*** Opening The input ***

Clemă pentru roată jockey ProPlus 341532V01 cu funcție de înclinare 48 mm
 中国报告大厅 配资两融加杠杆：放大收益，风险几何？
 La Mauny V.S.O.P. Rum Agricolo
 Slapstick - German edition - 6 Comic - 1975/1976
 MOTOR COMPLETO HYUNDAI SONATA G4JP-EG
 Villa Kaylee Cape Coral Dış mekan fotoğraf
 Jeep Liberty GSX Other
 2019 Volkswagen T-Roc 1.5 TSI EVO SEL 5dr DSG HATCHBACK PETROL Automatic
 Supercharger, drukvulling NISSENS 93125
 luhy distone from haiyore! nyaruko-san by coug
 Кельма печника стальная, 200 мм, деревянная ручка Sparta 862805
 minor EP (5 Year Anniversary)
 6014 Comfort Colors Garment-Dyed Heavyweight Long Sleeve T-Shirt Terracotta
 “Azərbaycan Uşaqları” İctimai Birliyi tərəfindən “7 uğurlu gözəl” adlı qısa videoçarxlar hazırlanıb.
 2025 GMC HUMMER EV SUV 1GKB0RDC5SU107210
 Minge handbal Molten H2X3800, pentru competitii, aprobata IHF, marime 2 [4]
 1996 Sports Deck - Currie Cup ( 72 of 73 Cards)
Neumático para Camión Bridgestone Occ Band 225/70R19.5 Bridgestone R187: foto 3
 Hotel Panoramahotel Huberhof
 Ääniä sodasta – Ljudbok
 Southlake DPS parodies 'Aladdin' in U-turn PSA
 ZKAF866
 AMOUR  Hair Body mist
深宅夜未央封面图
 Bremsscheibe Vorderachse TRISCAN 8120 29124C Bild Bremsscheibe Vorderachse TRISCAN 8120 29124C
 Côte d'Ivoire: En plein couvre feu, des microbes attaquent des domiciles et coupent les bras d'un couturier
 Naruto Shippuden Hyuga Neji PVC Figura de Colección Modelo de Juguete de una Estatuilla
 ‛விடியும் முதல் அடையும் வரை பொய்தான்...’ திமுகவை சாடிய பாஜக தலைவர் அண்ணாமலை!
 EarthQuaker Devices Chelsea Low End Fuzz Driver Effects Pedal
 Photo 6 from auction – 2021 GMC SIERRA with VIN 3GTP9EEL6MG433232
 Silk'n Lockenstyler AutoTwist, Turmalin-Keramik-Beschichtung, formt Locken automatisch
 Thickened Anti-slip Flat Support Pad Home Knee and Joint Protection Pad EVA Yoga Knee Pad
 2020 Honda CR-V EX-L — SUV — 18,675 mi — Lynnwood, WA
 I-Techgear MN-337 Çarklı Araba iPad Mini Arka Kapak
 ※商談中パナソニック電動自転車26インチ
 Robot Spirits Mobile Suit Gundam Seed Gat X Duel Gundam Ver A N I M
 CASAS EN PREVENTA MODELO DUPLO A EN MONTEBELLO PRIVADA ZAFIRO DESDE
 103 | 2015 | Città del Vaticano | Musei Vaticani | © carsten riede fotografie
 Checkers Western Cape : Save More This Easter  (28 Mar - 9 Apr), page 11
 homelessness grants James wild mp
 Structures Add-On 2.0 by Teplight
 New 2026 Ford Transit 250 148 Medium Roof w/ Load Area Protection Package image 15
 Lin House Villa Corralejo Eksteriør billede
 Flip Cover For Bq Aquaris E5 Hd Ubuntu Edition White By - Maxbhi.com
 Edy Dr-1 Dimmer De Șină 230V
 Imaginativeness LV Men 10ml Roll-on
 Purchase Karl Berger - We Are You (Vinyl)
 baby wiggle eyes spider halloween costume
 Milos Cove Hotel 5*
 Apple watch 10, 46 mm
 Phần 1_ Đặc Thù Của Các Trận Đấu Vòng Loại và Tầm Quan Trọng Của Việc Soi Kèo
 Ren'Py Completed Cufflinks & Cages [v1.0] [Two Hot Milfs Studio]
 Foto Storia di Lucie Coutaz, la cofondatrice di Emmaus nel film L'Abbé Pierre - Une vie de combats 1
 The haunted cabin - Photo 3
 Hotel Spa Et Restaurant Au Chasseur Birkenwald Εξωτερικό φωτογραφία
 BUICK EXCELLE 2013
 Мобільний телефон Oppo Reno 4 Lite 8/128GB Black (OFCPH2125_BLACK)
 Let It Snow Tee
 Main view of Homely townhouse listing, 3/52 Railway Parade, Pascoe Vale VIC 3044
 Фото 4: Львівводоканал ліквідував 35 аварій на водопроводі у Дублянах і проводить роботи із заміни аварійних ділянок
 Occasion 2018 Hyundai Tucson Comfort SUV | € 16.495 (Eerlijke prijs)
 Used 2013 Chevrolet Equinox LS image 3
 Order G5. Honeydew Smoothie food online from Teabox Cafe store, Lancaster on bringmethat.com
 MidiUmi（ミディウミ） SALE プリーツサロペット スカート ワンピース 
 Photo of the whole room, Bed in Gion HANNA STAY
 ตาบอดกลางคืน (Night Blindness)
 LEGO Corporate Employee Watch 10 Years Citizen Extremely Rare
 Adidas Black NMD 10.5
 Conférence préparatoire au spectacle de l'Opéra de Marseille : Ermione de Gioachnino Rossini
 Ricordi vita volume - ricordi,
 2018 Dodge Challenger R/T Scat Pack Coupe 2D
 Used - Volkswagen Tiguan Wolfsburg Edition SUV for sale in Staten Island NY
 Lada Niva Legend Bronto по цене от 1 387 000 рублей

*** Closing The input ***

## Task statement
Pick from the records each line that contains the word "image" and show it.

## Solution to the problem
 New 2026 Ford Transit 250 148 Medium Roof w/ Load Area Protection Package image 15
 Used 2013 Chevrolet Equinox LS image 3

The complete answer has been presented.